Web page caption snippets:
◆ ◆ ◆ ◆ ◆

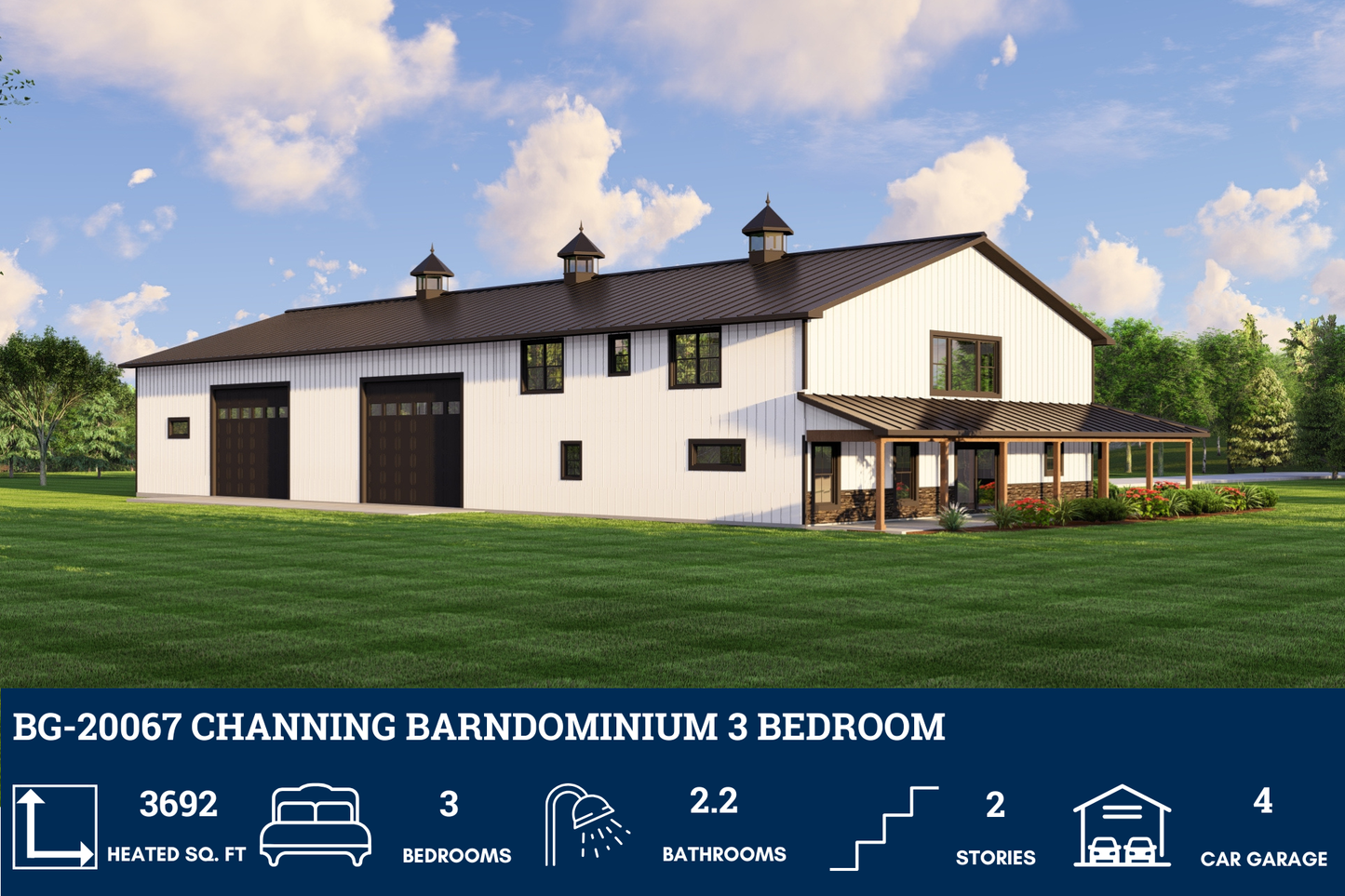 BG-20067 Channing Barndominium House Plan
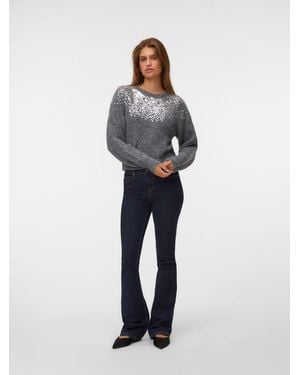Vero Moda Pullover Vmnovah - Blau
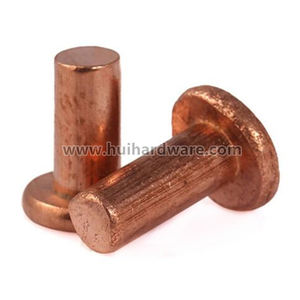 Cuivre solide à tête plate <span class=keywords><strong>rivet</strong></span> - Product Image 6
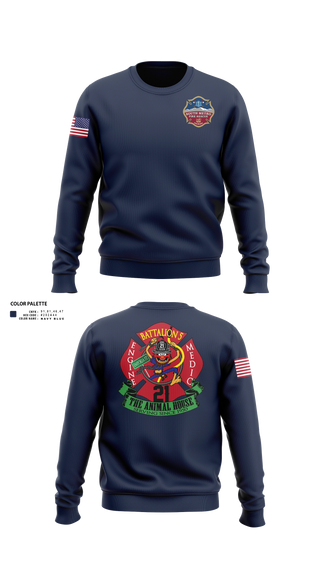 Crew Neck Sweatshirt, The animal house, Fire Department, Teamtime, Team time, sublimation, custom sports apparel, team uniforms, spirit wear, spiritwear, sports uniforms, custom shirts, team store, custom team store, fundraiser sports, apparel fundraiser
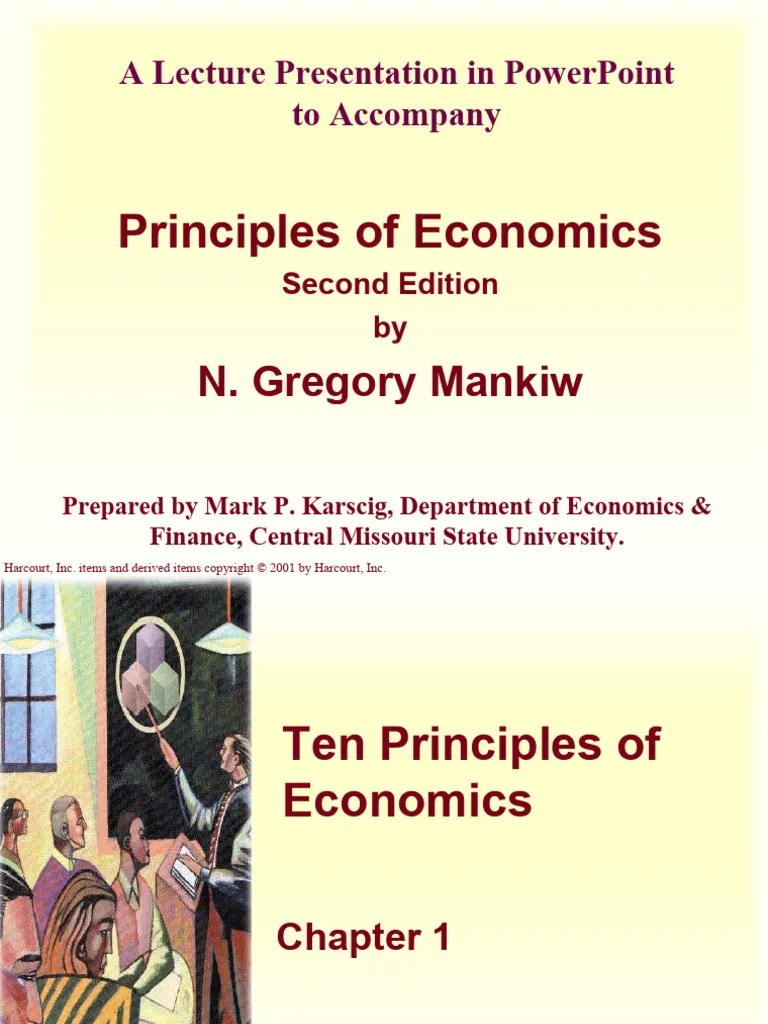 Mankiw PPT | PDF | Market (Economics) | Economics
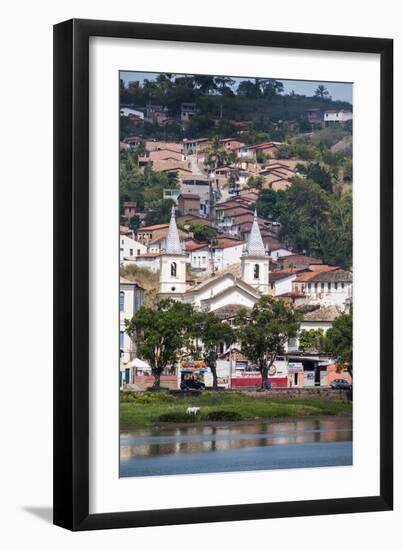 View over Cachoeira Near Salvador Da Bahia, Bahia, Brazil, South America-Michael Runkel-Framed Photographic Print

◆ ◆ ◆ ◆ ◆

Your objective:
Set down word for word the lines above from the one with "Vero Moda Pullover Vmnovah - Blau" up to and including the one with "Cuivre solide à". Omit every picture.

Response to the exercise:
Vero Moda Pullover Vmnovah - Blau
 Cuivre solide à tête plate <span class=keywords><strong>rivet</strong></span> - Product Image 6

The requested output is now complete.